SANTIAGO, Chile (CNS) — The playground at the Salesian-run school is filled with children in brightly colored swimsuits, laughing and screaming as young Catholic volunteers spray them with water in the 100-degree summer sunshine.

The children range in age from 6 to 12. They are participating in a weeklong summer camp, which helps children from vulnerable backgrounds have fun during their summer vacation and brings them closer to the Catholic Church in preparation for Pope Francis’ Jan. 15-18 visit.

Dressed in shorts and a green top, Carolina Alfaro is the pastoral leader at the school and helps run the camp. The school is in a poor community, where many of the parents are in prison for stealing or drug dealing. Many of the children think the only way to make a living is through crime.


“Social action is the way to connect with these children. We need to show them that we care about them and believe in them and build up their low self-esteem. Every day, I ask them how they are, how their family is getting on and how they are doing at school,” Alfaro told Catholic News Service.

The camp has special sessions to prepare for the pope’s visit.

“What have we learned about the pope this week?” Alfaro asked one recent day as the children got in a circle to sing and pray.

“His real name isn’t Pope Francis — it’s Jorge Mario,” said one excited little boy in a red T-shirt. The children are learning that the pope is Jesus’ representative and he is coming to spread a message of peace and joy.

About 130 people at the camp are grouped according to their age. Each group has a teenage Catholic volunteer, dressed in a brightly colored orange T-shirt, who also attends the school.

Vicente Inostroza, 17, is one of the camp’s volunteers.

“Even though it’s really tiring, I love being here,” he said. “It’s so much fun to be with the children. Today I and two other volunteers dressed up as the three kings to teach the children about how they followed the star of Bethlehem and the gifts that they brought for Jesus.”


During Pope Francis’ visit, both Inostroza and Alfaro will be going to a huge gathering of young Catholics at the National Shrine of Maipu in Santiago. Alfaro was recently part of a panel of young Catholics talking to the archbishop’s office about their views on being a young Catholic in Chile. Pope Francis has dedicated this year’s Synod of Bishops to the theme of young people.

Another young Catholic on the panel is Ignacio Leiva, 22, a volunteer for a group called Catholic Voices, which tries to get Catholic opinions heard in the mainstream media.

All the young people on the panel agree that being a Catholic in Chile is tough because, after various scandals, many people in society have stopped trusting institutions like the church and the government, and it’s a struggle to get young people to connect with the church.

“Today people my age feel very alone, and that’s why we are always on social media. We want to feel part of something.

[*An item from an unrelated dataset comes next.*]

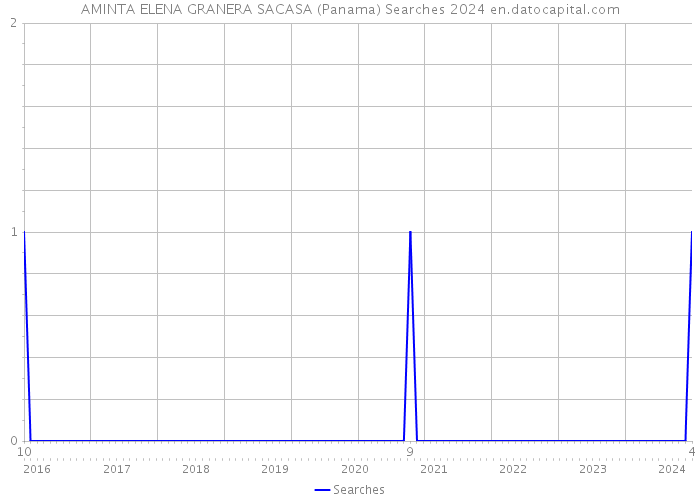 AMINTA ELENA GRANERA SACASA (Panama) Searches 2024 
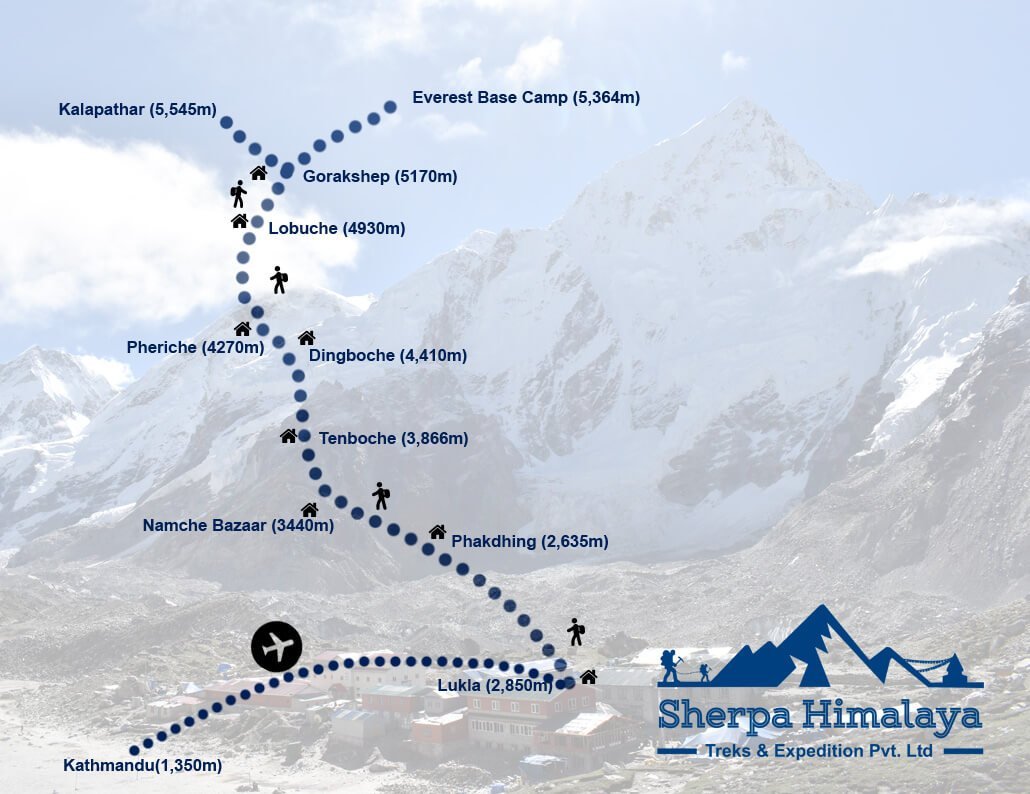 lukla everest base camp trek distance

And today the church doesn’t offer people enough to help them feel they are part of a group,” said Leiva.

He said although there are many youth movements, the church needs to work more in the parishes to get young people interested again. He said he knows it is a problem because fewer people are becoming priests. He said he wants to see a wider variety of activities and services in the parishes to try to engage young people, but added that the young people need to be more proactive.

“For too long we have thought our job was to listen to older people and do what we were told — things like moving chairs about — but we need to be more dynamic,” he said.

He also said he hopes the pope’s visit will inspire his generation to take control.

“The pope is coming here to tell you that you are not alone and that is very important, so it will be a whole bunch of young people all together with the pope, and I’m sure that people who go to the gathering at Maipu will feel different afterward,” he said.

Another panelist, Valentina Toro, 25, works for the Academy of Catholic Leaders at the Pontifical Catholic University of Chile, which Pope Francis will visit Jan. 17. Toro is a member of the Catholic charismatic renewal movement and thinks this is the way to modernize the church and make it more interesting for young people.

Toro said she is happy that Pope Francis, an Argentine, is coming to visit.

“He really understands our Latin America, which is great. And he is so friendly and easy to relate to. Young Catholics always complain that we are never consulted enough, but now the church is listening to us, and that is wonderful,” she said.